Tony Richards asked this in a post on the Indy Zen forums:
I’ve been confusing “Game Designs” with “Game Ideas” for many years… and they’re definitely not the same thing.
But what’s the difference? Being a fledgling game designer, I don’t think I’m qualified to answer that question… anyone else have thoughts on the topic?
I’m also an unqualified amateur, so take the following with a grain of salt. It seems that there is a whole continuum of what people call “design”. For some, they hash out some loose ideas and it becomes a “design”. Professionals, or would be professionals, write a comprehensive design document. There is a nice article over on Gamasutra defining what a design document is and another nice one about how to create one. If you are not keen to maintain a single document, you’ll still want asset lists and level walkthrough documents.
The problem I have is that the design documents that I’ve seen don’t really look like “design” to me. They look like collections of ideas; bullet points, checklists . Actually, with my software development experience, they look more like specifications; or even more like requirement documents. This is fine for level design, but what about systems (e.g. ruleset) design? Long ago, I read Steve Mcconnell’s Code Complete. I’ll never be a great programmer, but he did indoctrinate me on the value of design. In my view, design is complete when a programmer can just sit down and bang out the code without thinking too much. In the case of a game, this would be “programmers bang out code” and “level designers bang out levels”. Design is where you think over the hard “how will I do…” bits. Until then, it is just an idea and after then, the implementation can flow freely. Now perhaps the reason that game design documents tend to include concept art, but not comprehensive “how to” elements is for the same reason that programmers often prefer designer not script on large projects.

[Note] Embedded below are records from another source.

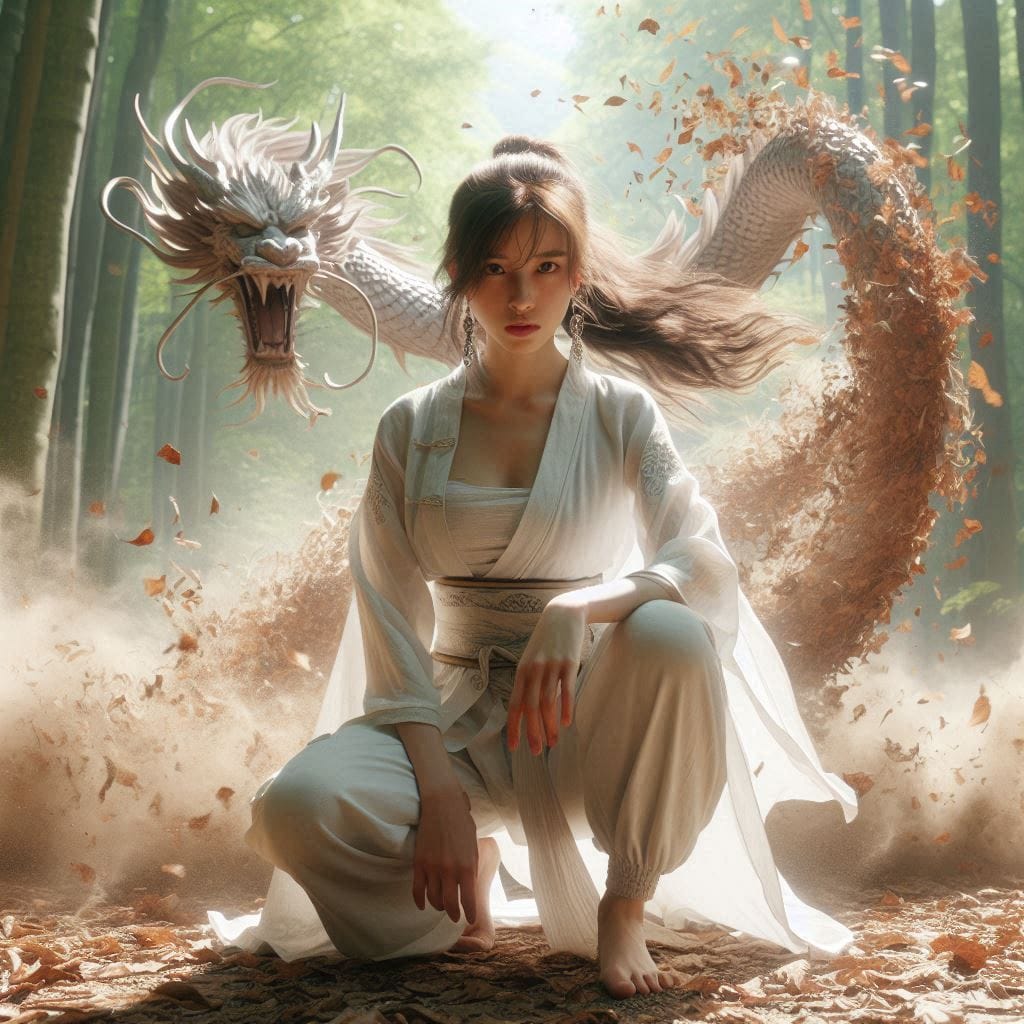 召喚秋風枯葉龍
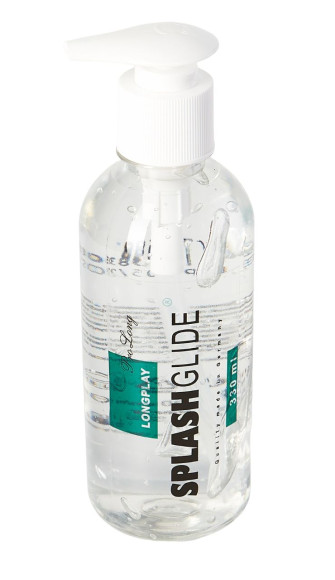 Пролонгирующий лубрикант на водной основе Splashglide Long Play Prolong - 330 мл. Пролонгирующий лубрикант на водной основе Splashglide Long Play Prolong - 330 мл.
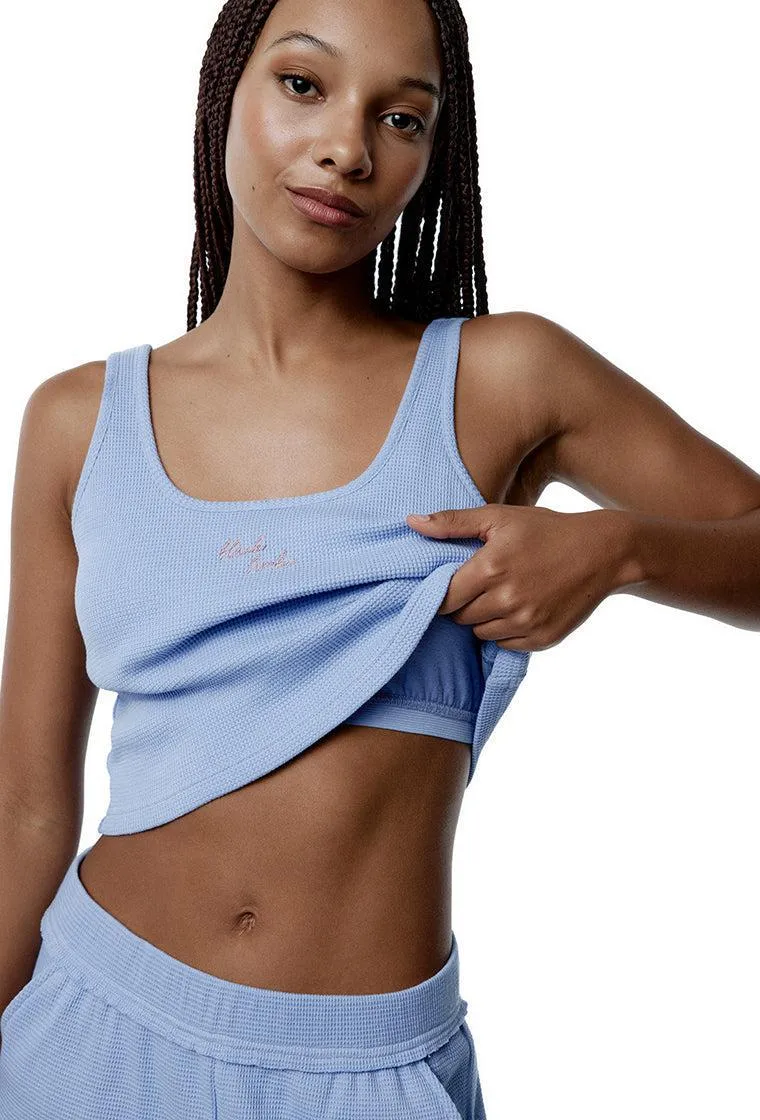Top deportivo de algodón Eternity - Sky blue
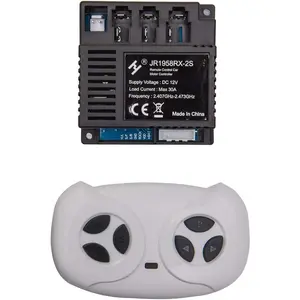 Kids Powered Ride on 2.4G Bluetooth Remote Control and Receiver Kit Controller Control Box Accessories for Children Electric Ride On Replacement Parts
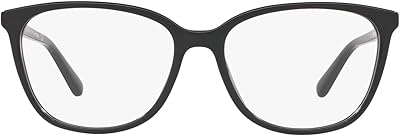 Michael Kors womens Mk4067u Santa Clara Universal Fit Square Prescription Eyewear Frames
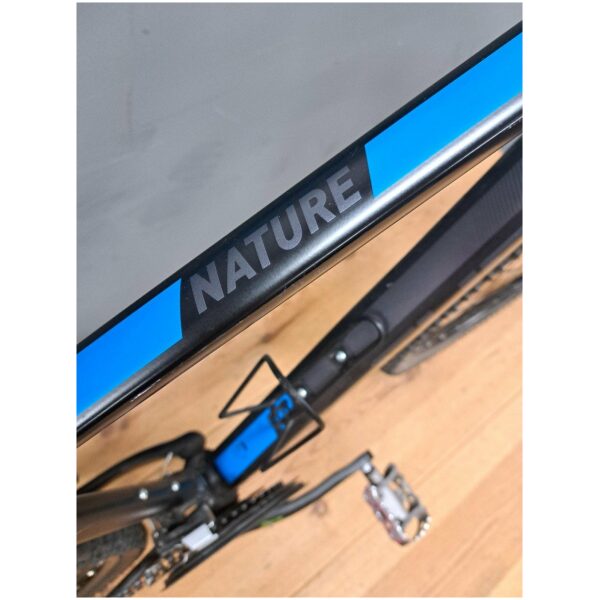 Cube NATURE PRO Blauw/ Zwart Heren - Afbeelding 6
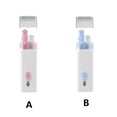thumbnail image 2 of pitrice Computer Keyboard Cleaning Brush Tool Pen Headset Keycap Puller for Laptop Electronics Camera Home Accessories Blue, 2 of 9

Still, a UML for game design would be nice; especially for systems.
As far as I know, not much has been done to define a proper grammar. Raph Koster might have in his book, A Theory of Fun. Unfortunately, I don’t have a copy. It is out of print and virtually impossible to source. Luckily, he says that a new printing will be available this summer. I’ll certainly order it when the time comes. Being unfortunately for the time being ignorant of his theories on game grammar, my idea of “design” would be concide and with a very clear “grammar”. A designer should be able to look at it an instantly know what it means. It also needs to be something that eschews verbosity. Anyone who has ever read through a “what do you think of my game design” forum postings and had their eyes glaze over knows all about the nasty, horrible things verbosity can do to clarity. It might look something like the following:
That little thing that looks like a Feynman diagram is an early prototype (and subject to change) Memotica action graph. It has a very clear grammar. There is a subject and an object. The subject is the do-er and the object is the do-ee. They can be the same thing. The funny callout on the arrow link between the subject and object is a restriction on who may perform the action. The callouts on the object refer to all of the conditions that must be fulfilled for the action to be possible. The dotted line is the stimulus that the world sees when the action is performed. And the dashed lines are whatever state changes in the object.